Page last updated at 15:08 GMT, Wednesday, 24 February 2010

Campaign tackles invasive plants

Water primrose [Pic: Trevor Renals]
Species like water primrose have been blamed for choking waterways

Gardeners across Scotland have been asked to help stop the spread of invasive plants.

The Be Plant Wise campaign aims to highlight the problems caused when invasive aquatic species are released in the wild.

Plants such as New Zealand pigmyweed, fairy fern and parrot's feather have caused problems across Scotland.

They can outgrow native plants, choke waterways, disrupt angling and boating and can also exacerbate flooding.

It is feared the cost of clearing these plants could run into millions of pounds if they expand at their current rate.

Environment Minister Roseanna Cunningham launched the campaign at a garden centre in Midlothian, alongside gardening expert Pete Jackson.

'Real threat'

They urged the public to be responsible gardeners by keeping their ponds under control, ensuring invasive plants do not escape to the wild and to dispose of unwanted plants carefully.

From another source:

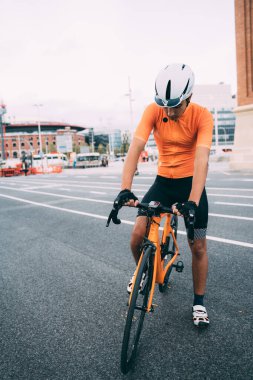 Genç adam bisiklet gezisine hazırlanıyor. Turuncu bir bisikleti ve beyaz bir kaskı var..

Ms Cunningham said: "Invasive aquatic plants have the potential to cause huge problems to Scotland's environment as well as threatening our enjoyment of it.

"We all know about the very real threat to our native wildlife from grey squirrels and American signal crayfish but little is known about the threat posed by invasive aquatic plants.

"By being responsible gardeners, we can all help to protect our waterways and wildlife as well as helping to reduce the growing costs of dealing with these plants."